**EXTRACTED INFORMATION**.
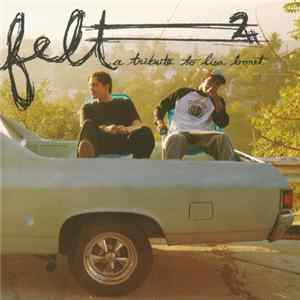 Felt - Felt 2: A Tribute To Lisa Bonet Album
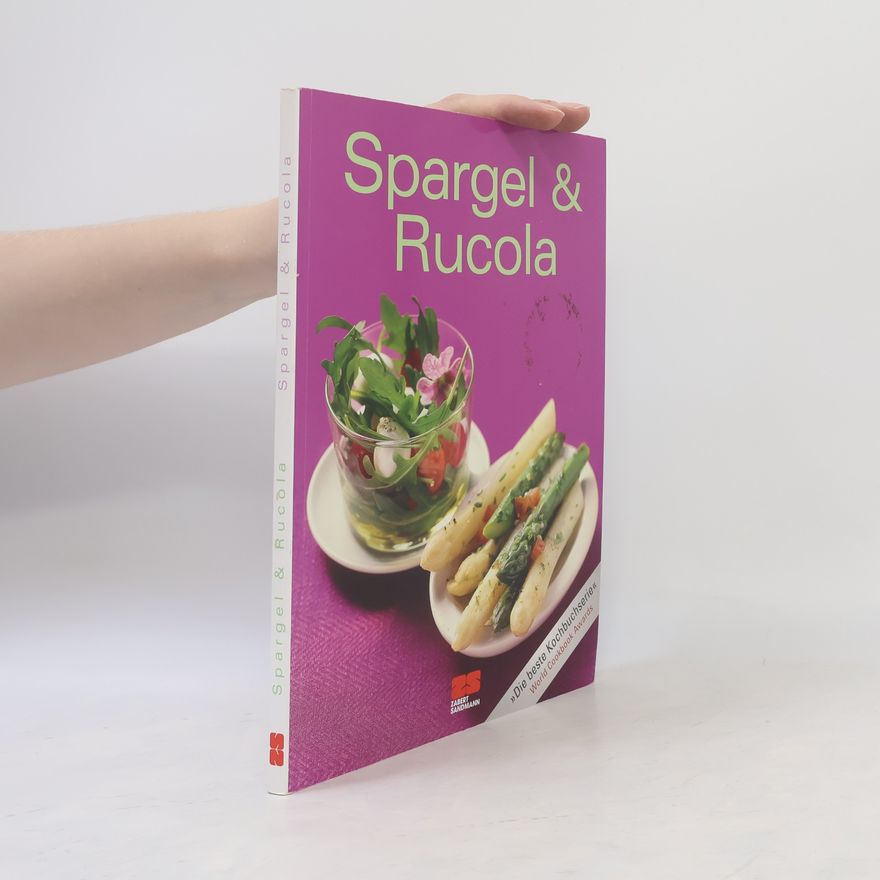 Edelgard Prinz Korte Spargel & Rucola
* * *
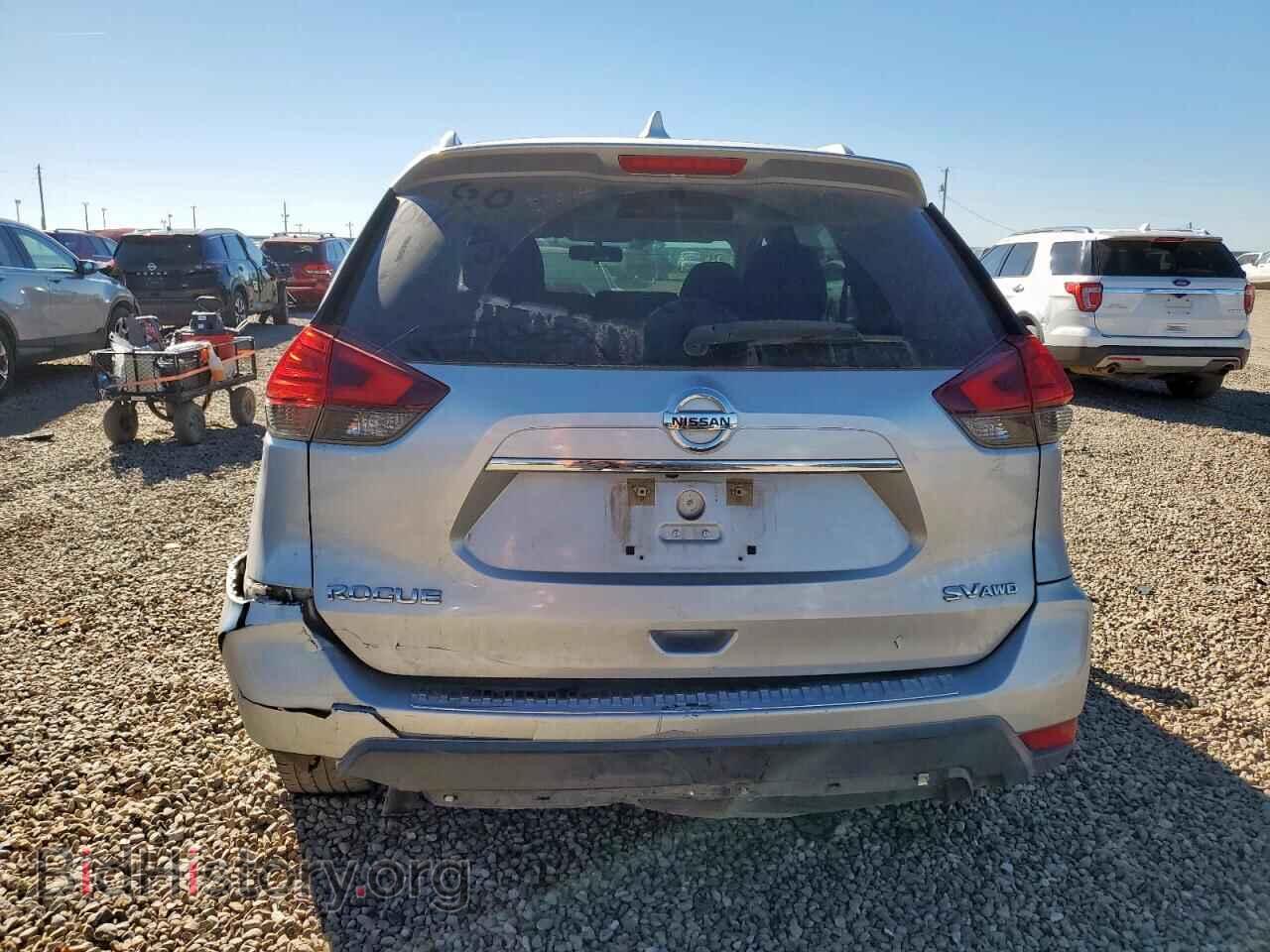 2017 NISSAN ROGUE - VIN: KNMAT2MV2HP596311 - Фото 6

**EXERCISE GOAL**. Here the job is to copy the listing above word for word, starting at the line with "Felt - Felt 2: A Tribute To Lisa Bonet Album" and ending at the line with "Edelgard Prinz Korte Spargel & Rucola", and to leave out the pictures.

**EXERCISE RESULT**.
 Felt - Felt 2: A Tribute To Lisa Bonet Album
 Edelgard Prinz Korte Spargel & Rucola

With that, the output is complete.